Once you find the line below that has "Jungčių komplektas, kardaninis", output it and every line after it exactly, stopping after the line that has "Transparent Switch Clipart", with no pictures.
Segment Start: Supplied entries
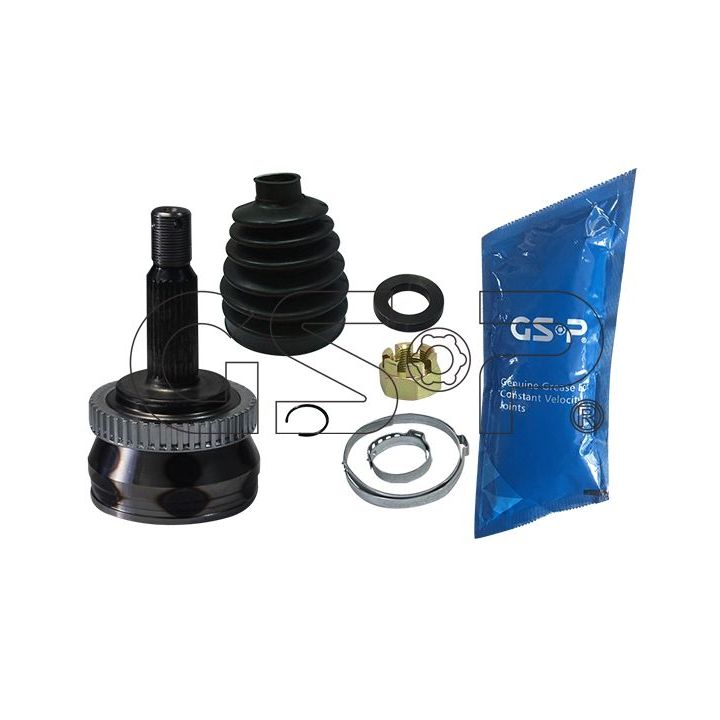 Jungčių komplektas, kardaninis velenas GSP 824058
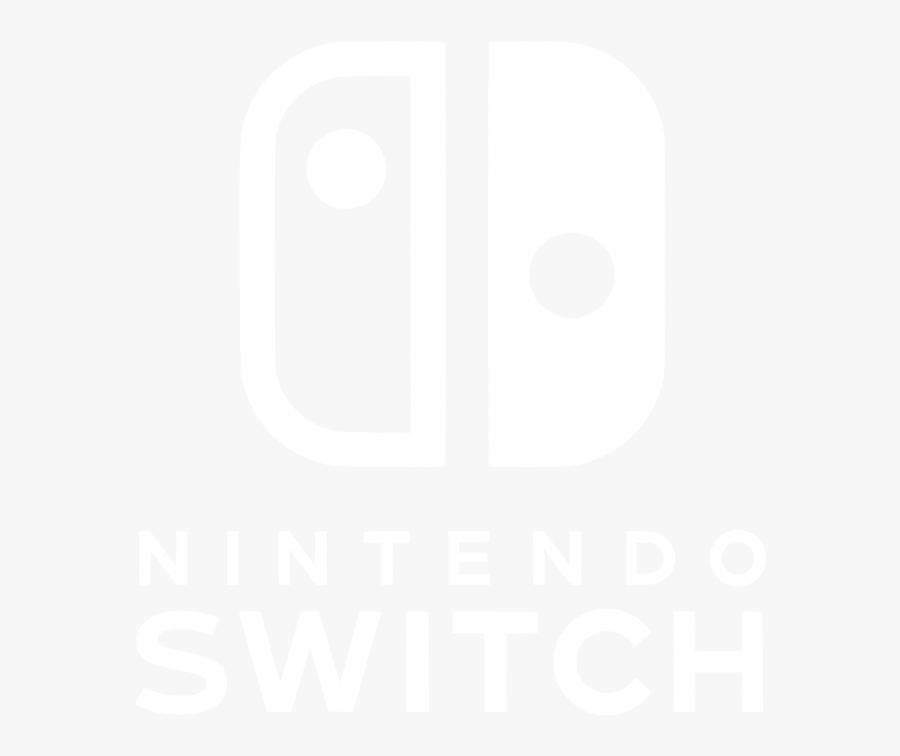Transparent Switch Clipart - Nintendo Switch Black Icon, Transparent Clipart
Segment End: Supplied entries
Segment Start: Supplied entries
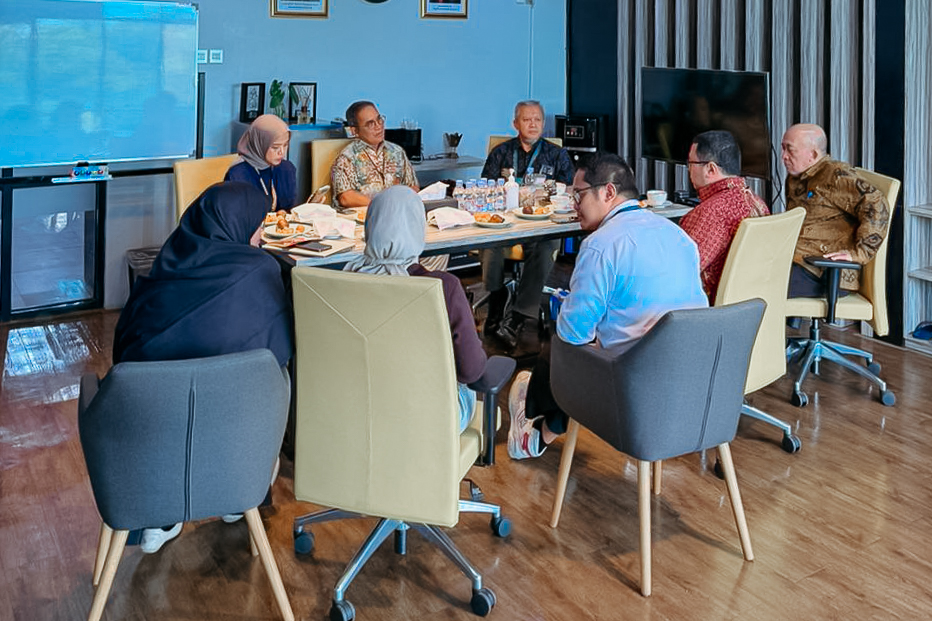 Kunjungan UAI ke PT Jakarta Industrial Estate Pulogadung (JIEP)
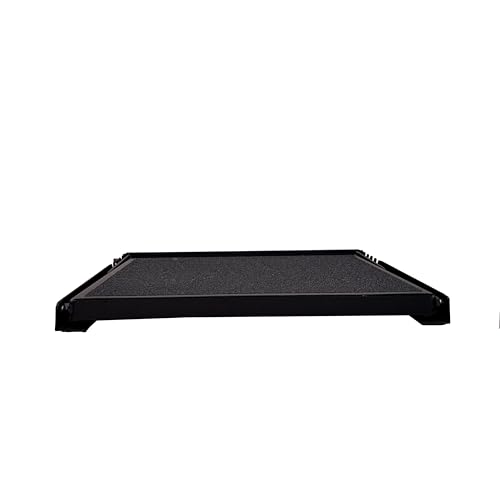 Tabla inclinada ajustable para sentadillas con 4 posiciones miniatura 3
Segment End: Supplied entries
Your response –
 Jungčių komplektas, kardaninis velenas GSP 824058
Transparent Switch Clipart - Nintendo Switch Black Icon, Transparent Clipart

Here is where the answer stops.